President Obama tapped you to be a part of the FDA’s transition team as deputy commissioner. How did you approach that mission?
Dr. [Margaret] Hamburg (FDA commissioner) and I tried to bring the FDA back to its roots as a public health agency. … The agency became much more transparent; the agency took on some public health issues including food safety and tobacco among other types of issues. I was very involved in … dealing with certain unsafe products. So I do think that the FDA has done better.
Why did you decide to leave the FDA to become Maryland’s secretary of health and mental hygiene, and what issues have you been focusing on?
There’s an awful lot going on in health care right now, and I think it’s a unique opportunity to align the health-care system for health. We spend a lot for health care; we should be getting more health out of it.
We’ve been organized around certain public health outcomes, defining key public health outcomes for the state and bringing coalitions together to make progress on that. We’ve been rethinking different aspects of the health-care system, including strengthening primary care and reorienting the incentives in the hospital system to support prevention. We’ve been talking about integrating mental-health and substance-abuse treatment more into medical care. And of course, we’ve been implementing the Affordable Care Act.
Tell the JT about your role as chair of the Maryland Health Benefit Exchange and how things are going with enrollment so far.
It’s been a terrific experience. We’ve had to very quickly set up a whole legal structure and policy framework … [and] hire the right people — a whole range of different things to prepare to launch the exchange.
It’s been very impressive how much interest there is. I think one of the questions that came up was, “Do people really want health insurance?” In the end that question’s been answered, there’s a lot of interest. And we hear that not just from people we know, but also because so many thousands of people are calling the call center, so many people are talking to community health workers, and we’re hearing about it from hospitals and health centers. All across the spectrum there’s a lot of interest. And I think this is obviously a very challenging project. Our mission is to really meet that interest.
In the past, you’ve said you need more data on medical marijuana. Why did you support the most recent medical marijuana bill in Maryland?

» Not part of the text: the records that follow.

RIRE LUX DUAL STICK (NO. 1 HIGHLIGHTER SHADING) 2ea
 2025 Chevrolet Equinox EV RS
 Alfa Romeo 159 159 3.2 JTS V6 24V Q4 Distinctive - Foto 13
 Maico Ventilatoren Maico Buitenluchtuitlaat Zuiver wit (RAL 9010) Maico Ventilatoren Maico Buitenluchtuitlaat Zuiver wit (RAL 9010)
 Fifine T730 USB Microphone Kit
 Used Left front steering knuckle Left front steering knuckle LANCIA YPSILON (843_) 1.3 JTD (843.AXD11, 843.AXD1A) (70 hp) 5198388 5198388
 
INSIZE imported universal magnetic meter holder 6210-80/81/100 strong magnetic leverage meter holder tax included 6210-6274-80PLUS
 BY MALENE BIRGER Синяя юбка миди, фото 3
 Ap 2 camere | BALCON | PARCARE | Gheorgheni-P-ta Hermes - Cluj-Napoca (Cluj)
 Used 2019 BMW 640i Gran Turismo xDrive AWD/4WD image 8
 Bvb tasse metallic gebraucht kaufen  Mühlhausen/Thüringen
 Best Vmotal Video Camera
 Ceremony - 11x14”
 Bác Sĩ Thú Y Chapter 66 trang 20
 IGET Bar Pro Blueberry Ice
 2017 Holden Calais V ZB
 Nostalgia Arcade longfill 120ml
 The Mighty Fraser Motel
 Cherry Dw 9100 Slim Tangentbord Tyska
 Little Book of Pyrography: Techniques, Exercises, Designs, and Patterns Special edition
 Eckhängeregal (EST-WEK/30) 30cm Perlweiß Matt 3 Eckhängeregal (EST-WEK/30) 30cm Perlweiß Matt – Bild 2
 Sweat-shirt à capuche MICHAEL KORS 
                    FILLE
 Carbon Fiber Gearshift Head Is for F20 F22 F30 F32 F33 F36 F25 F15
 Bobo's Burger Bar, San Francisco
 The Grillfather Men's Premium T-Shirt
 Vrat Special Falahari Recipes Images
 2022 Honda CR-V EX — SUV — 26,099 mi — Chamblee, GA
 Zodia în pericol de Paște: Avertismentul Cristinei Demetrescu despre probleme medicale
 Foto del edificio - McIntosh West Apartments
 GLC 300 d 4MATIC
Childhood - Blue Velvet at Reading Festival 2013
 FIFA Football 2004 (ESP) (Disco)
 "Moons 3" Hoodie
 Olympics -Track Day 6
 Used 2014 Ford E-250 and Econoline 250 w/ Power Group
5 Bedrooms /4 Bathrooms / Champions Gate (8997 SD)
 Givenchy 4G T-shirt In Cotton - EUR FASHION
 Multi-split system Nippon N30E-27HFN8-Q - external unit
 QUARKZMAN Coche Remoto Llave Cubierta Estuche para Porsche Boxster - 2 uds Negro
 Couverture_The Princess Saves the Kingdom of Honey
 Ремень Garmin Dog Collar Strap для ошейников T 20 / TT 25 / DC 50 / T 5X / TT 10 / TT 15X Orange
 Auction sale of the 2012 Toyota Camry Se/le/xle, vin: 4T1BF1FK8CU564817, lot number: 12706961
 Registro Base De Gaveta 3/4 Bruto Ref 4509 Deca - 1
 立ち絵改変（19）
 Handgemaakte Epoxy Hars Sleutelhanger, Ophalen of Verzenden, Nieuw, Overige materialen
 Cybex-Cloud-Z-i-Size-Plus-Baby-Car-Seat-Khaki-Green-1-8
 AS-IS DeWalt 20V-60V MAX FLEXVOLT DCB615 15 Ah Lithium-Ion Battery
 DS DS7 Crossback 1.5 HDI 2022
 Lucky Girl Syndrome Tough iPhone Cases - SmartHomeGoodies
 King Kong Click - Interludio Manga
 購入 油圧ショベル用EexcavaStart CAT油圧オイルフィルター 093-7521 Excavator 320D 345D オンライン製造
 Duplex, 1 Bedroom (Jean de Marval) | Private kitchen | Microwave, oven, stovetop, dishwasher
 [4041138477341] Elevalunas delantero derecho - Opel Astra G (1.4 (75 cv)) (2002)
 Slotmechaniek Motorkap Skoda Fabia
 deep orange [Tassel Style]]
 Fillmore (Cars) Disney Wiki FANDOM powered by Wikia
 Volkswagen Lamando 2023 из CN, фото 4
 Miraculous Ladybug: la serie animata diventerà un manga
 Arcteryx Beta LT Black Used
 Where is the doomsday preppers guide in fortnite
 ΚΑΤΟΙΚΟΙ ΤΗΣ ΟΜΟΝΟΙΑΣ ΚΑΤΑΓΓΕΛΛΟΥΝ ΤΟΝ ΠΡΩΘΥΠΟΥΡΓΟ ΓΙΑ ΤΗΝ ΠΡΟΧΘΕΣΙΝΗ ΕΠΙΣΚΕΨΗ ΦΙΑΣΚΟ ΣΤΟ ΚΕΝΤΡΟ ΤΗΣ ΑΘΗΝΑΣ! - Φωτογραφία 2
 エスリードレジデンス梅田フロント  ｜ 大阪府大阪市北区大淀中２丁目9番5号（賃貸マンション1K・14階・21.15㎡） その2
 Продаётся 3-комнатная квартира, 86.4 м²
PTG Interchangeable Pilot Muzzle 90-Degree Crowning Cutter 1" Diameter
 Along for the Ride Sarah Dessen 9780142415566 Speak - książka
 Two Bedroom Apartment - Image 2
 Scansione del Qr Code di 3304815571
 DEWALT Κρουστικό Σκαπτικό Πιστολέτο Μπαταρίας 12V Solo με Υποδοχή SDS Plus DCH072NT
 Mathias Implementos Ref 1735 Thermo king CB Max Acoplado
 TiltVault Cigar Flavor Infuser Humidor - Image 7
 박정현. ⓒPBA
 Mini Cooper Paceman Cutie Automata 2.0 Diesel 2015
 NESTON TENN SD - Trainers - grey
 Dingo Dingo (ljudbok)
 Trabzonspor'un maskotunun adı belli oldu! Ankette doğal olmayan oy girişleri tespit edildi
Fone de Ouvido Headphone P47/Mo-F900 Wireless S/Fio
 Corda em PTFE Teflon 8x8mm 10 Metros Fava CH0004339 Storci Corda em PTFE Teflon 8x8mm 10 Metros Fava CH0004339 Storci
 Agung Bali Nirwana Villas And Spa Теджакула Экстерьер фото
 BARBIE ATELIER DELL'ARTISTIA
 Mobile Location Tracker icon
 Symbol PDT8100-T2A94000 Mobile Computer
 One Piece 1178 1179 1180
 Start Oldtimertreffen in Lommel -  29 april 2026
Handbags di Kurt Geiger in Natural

This particular bill creates, essentially, a compassionate-use program for medical marijuana, which is modeled loosely on how FDA handles medications that haven’t been approved yet, but for which there is both evidence of benefit and harm. The way the FDA handles that is the patients have to consent, there has to be a clear reason to believe that it will work, and [a medical facility] has to collect data [on the use]. What we’re basically saying is those are the kinds of programs that could make marijuana available, and it should be under the umbrella of an academic medical center.
Why did you start seeing patients?
I just miss seeing patients. It’s very rewarding. I’m aiming for roughly once a month. I’d like to do more, but we’ll see.
What else is on your radar?
I would say that we’re really focusing on preventable illness and collaborations between the medical world and the worlds of public health and community health and using data that we have in-state to identify where we have a lot of preventable illness and then being strategic about how we try to prevent it.